Things seemed grim when the Bills fell behind, 10-2, at the end of the third quarter. The Dolphins had just put together an 18-play, 80-yard TD drive to chew up the final 9:45 of the period. At that point, Miami led the time of possession, 31:23-13:37.
Losman and the offense had been wretched. They went three-and-out on their first four possessions of the day. Losman underthrew Lee Evans in the end zone and was intercepted on the fourth play of their fifth possession. The Bills seemed ready to wilt amid the Florida heat and the general embarrassment.
But they held together and found a way to win in the final 15 minutes. The offense, desperately needing to give the defense a breather, answered with its only TD drive of the day. Losman, who didn't complete a pass over 21 yards, kept the drive alive with a fourth-down sneak that was good by, oh, about the length of his fingernail.
Marshawn Lynch willed his way to the two-point conversion. The defense, which continues to deny opponents any sort of downfield passing game, held. Roscoe Parrish took a wobbly punt back 40 yards. Losman made a couple of alert underneath throws to get the offense in position for Rian Lindell to boot the winning field goal.
Again, it wasn't an artistic success. But good teams find ways to win when they don't play their best. They don't fold in difficult circumstances. Part of learning to win is learning to expect adversity. Then, given enough experience, you also expect to rise above it. Wire says this young team is learning fast.
"In the past, you would feel that negative energy creeping in," Wire said, "that invader of the mind. Guys wouldn't rise up to the fight. After the game, I talked to Terrence [McGee] and some of the other guys. They said, 'Coy, we used to lose games like that.' "
Last week, Wire said the Bills wouldn't be looking ahead to New England. At times Sunday, it seemed that way. But the players insisted it wasn't the case. Jauron said they're not capable of dominating any opponent. They have to find ways to win the close ones. They've done it four times in a row. They're 5-4. So what if their five victims have a combined record of 9-36? They're in the playoff hunt.
"Honestly, going into this game, we thought this was going to be the toughest game of the season," Wire said. "I think we're worthy of winning close ones like this now, because of the character of this team. Guys are putting in the extra work, so in these critical situations we have guys who stand up to the challenge as opposed to withering away."
Michael Gaines, forced into a bigger role when Robert Royal went out with a concussion, made two big receptions.
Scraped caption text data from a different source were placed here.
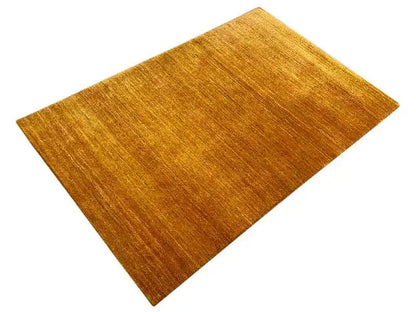 Ocher rectangular rug, viewed from above, with an even pile texture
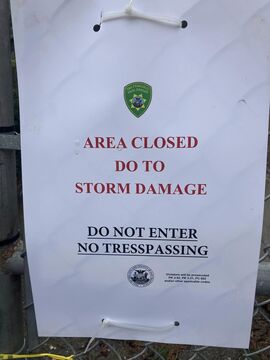 May be an image of text that says "AREA CLOSED DO TO STORM DAMAGE DO NOT ENTER NO TRESSP SPASING S"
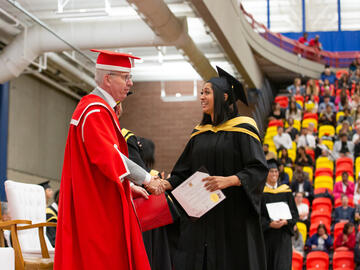 Students from the Faculty of Science celebrate graduation at the University of Calgary convocation ceremony on Thursday, June 1, 2023. President Ed McCauley does the honours.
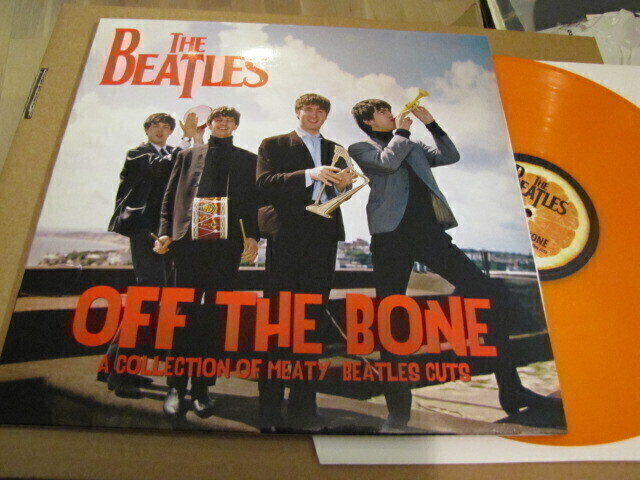 The Beatles Off the bone lp oranssi vinyyli soittamaton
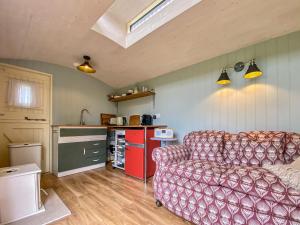 a living room with a couch and a kitchen at Ivy Shepherds Hut - Uk45590 in Seend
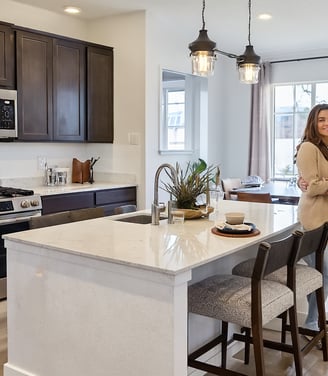 Family reviewing purchase agreement in Harvest Ridge living room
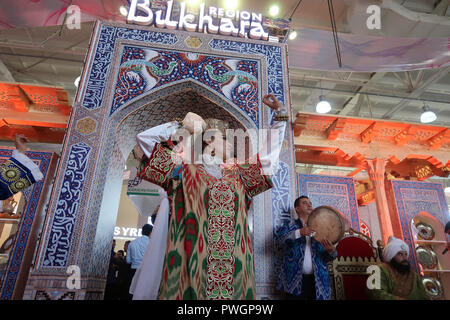 Junge usbekische Frau trägt traditionelle Satin-Stoff reich bestickt mit tanz mit goldenen Fäden auf der Taschkent International Tourism Fair (TITF) In der Stadt Taschkent Hauptstadt von Usbekistan Stockfoto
Losman played miserably for much of the day. This was a step back in his desperate bid to prove himself as the long-term answer at QB. But he made some big throws under pressure in the final quarter. Losman might not be a franchise quarterback, but he's a competitor who won't back down from a challenge.
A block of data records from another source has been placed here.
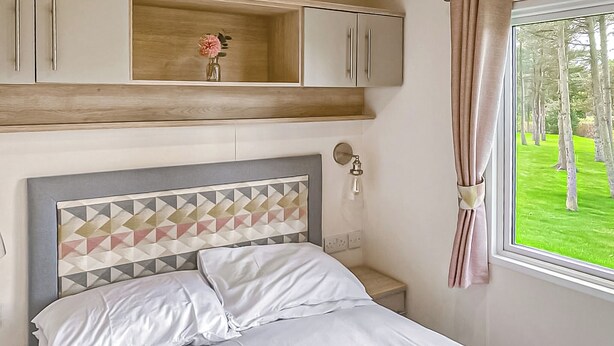 A bedroom with a bed, a nightstand, a wall-mounted lamp, a window with curtains, and a wooden shelf with a vase.
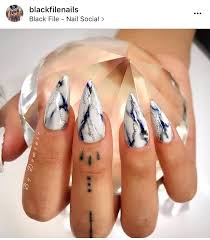 Acrylic Black And White Marble Nails White And Black Marble Stiletto Acrylic Nails With A Blue And Silver Glitter Accent Black Marble Nails Nails Stiletto Nails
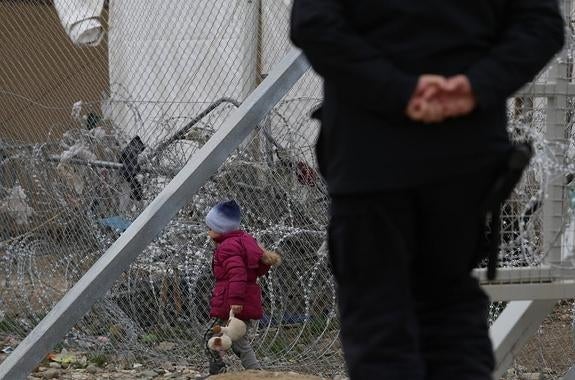 Una niña juega en una alambrada ante la mirada de un vigilante del campo de refugiados. 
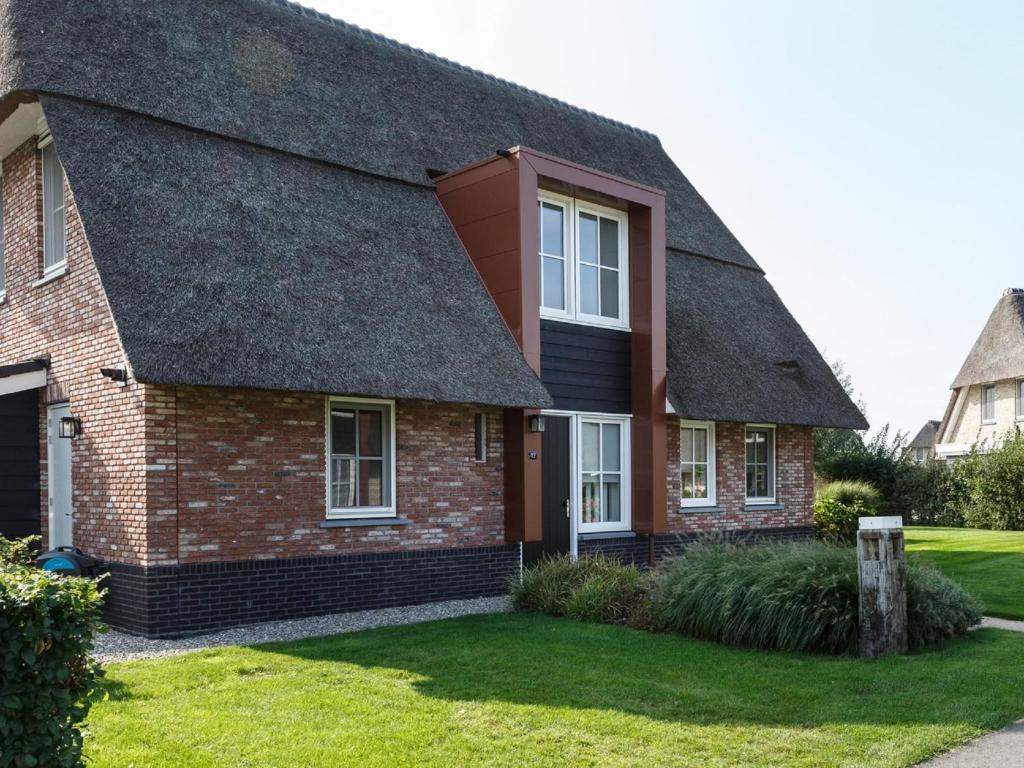 una casa con techo de tejas en Luxury villa with gas fireplace, on a holiday park on the Tjeukemeer, en Delfstrahuizen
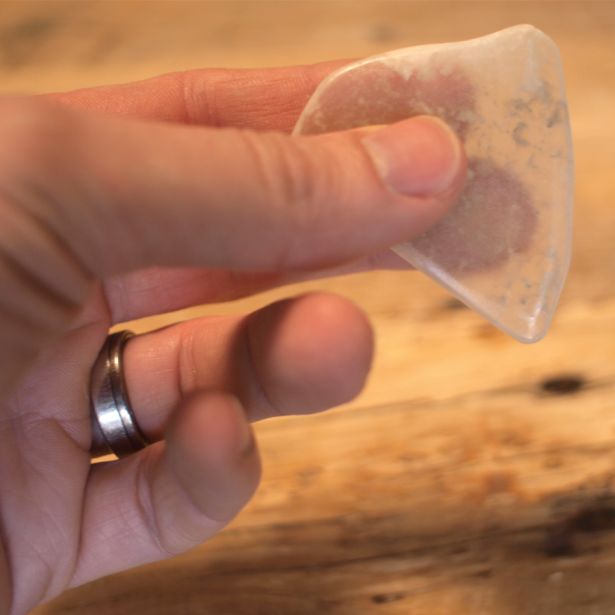 Hand holding TV Rock demonstrating the fiber-optic effect projecting images onto its surface on wood table.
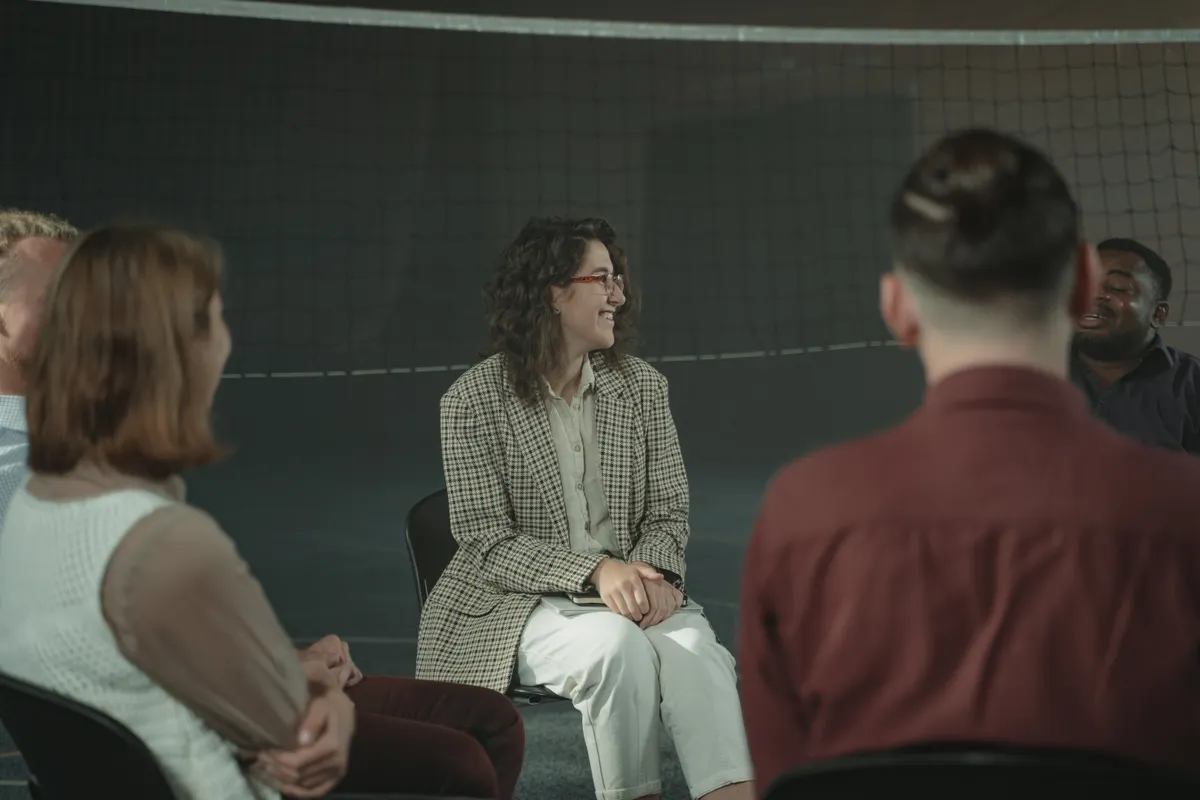 Adults taking part in a facilitated community discussion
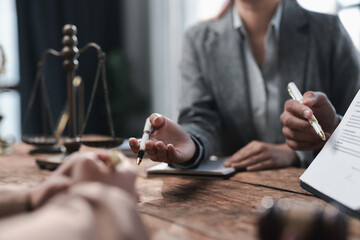 Lawyers discussing contract details during meeting in office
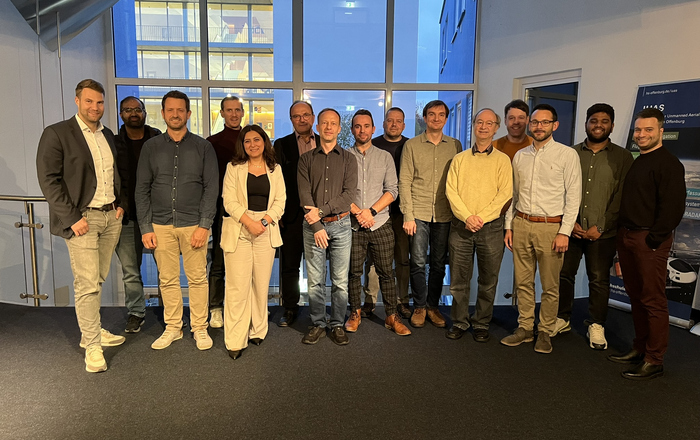 15 Personen stehen als Gruppe nebeneinander ein einer Reihe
Marshawn Lynch sprained his ankle powering his way to a crucial first down, just before the winning field goal. As the clock wound down, he was dancing behind the Bills' bench on his bad ankle, waving his arms, a Buffalo rookie exulting in his first win over Miami.
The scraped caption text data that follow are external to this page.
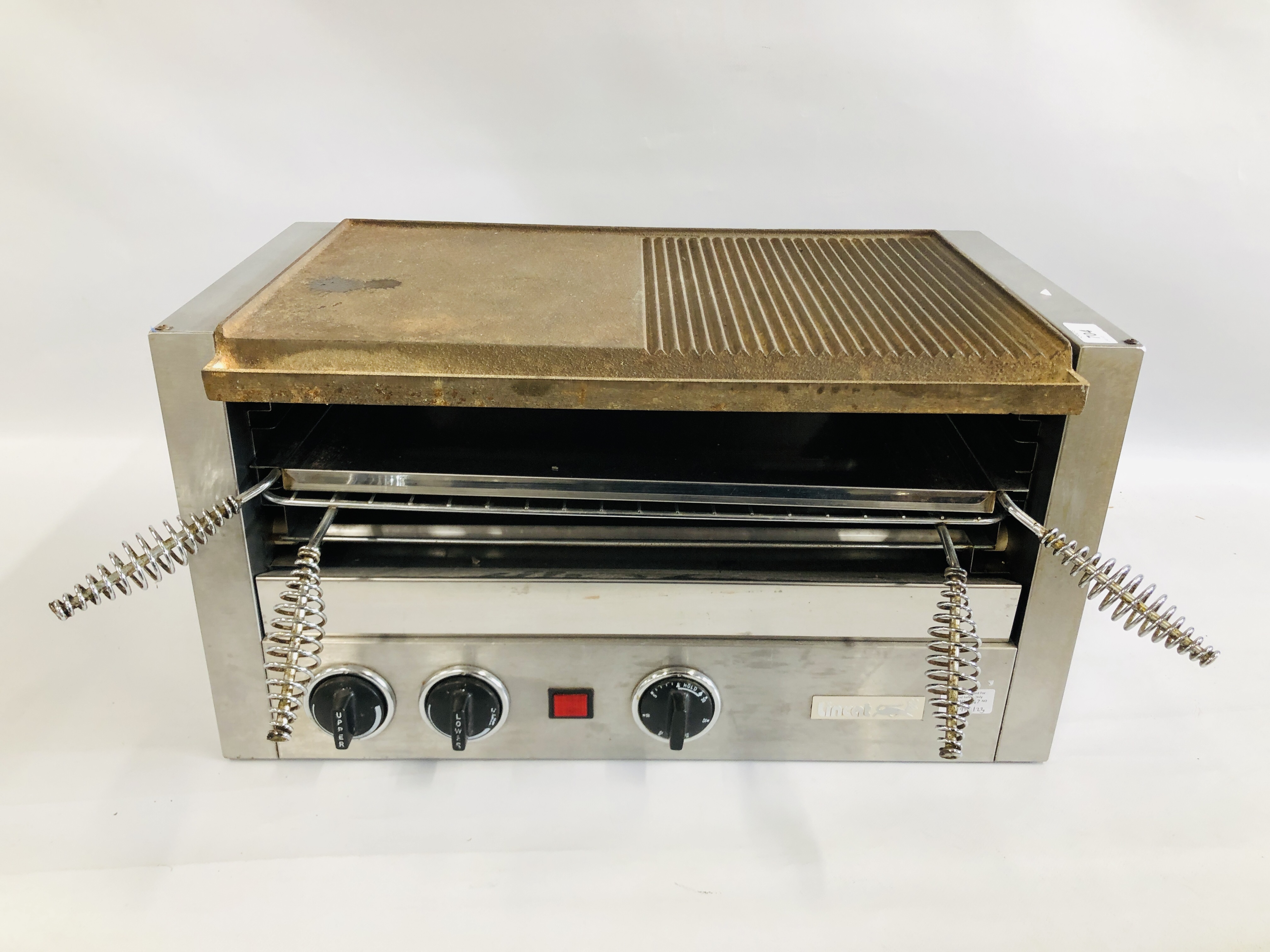 A LINCAT ELECTRIC STAINLESS STEEL GRIDDLE WITH CAST TOP MODEL QG6 - SOLD AS SEEN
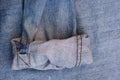 Closeup of the rolled-up sleeve of a denim jacket under the lights Royalty Free Stock Photo
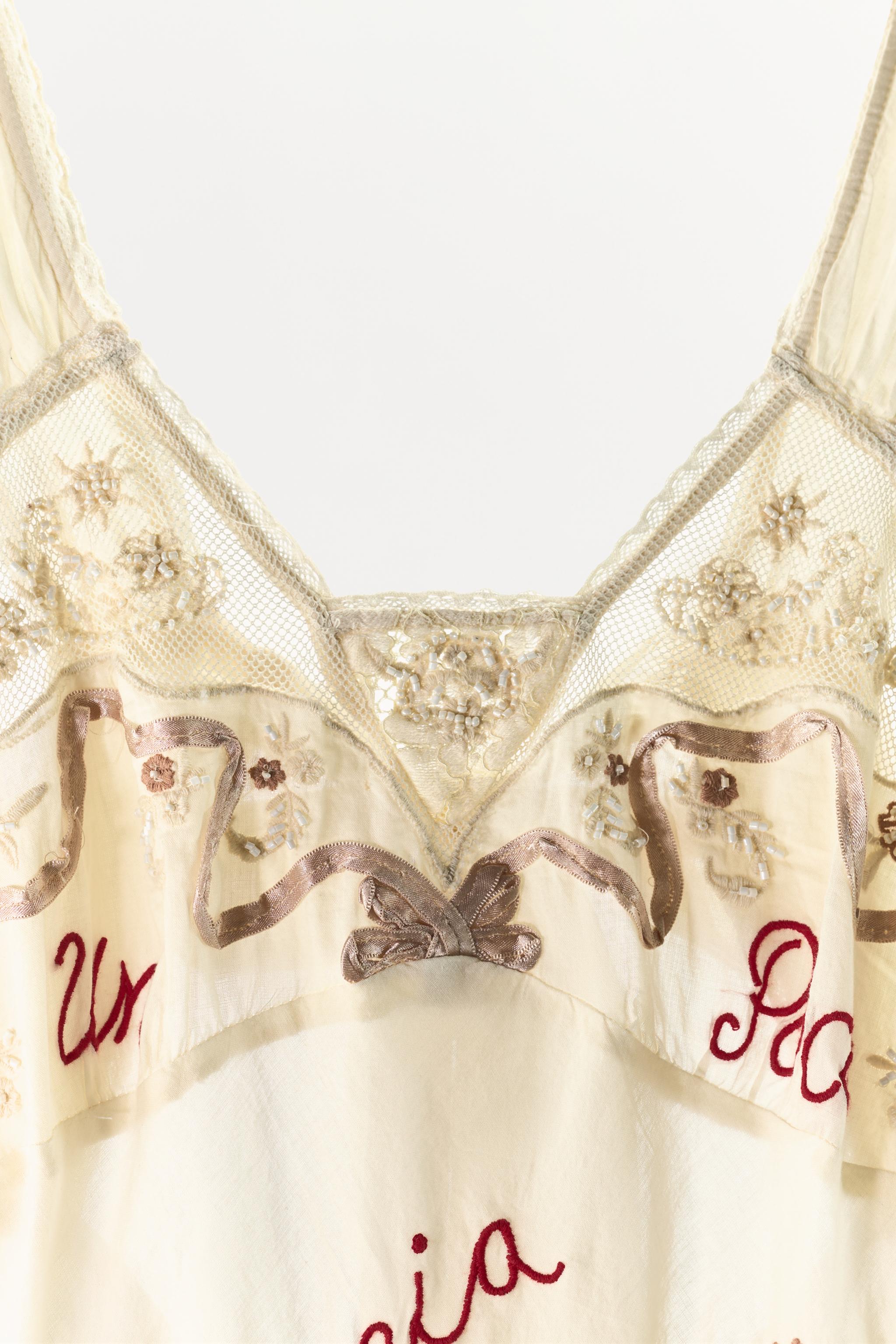 DRESS WITH EMBROIDERY, TEXT, AND BEADING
"The guys in this locker room love one another," said Wilson, the free safety. "This is a special group of guys -- who refuse to lose, who love to come to work, who love to prepare, and who have a great time playing this game. Even though our backs were against the wall, we were still having a great time out there. We were lifting each other through the heat, saying 'Don't worry about the last play, make the next one.' And in the end, it paid off for us."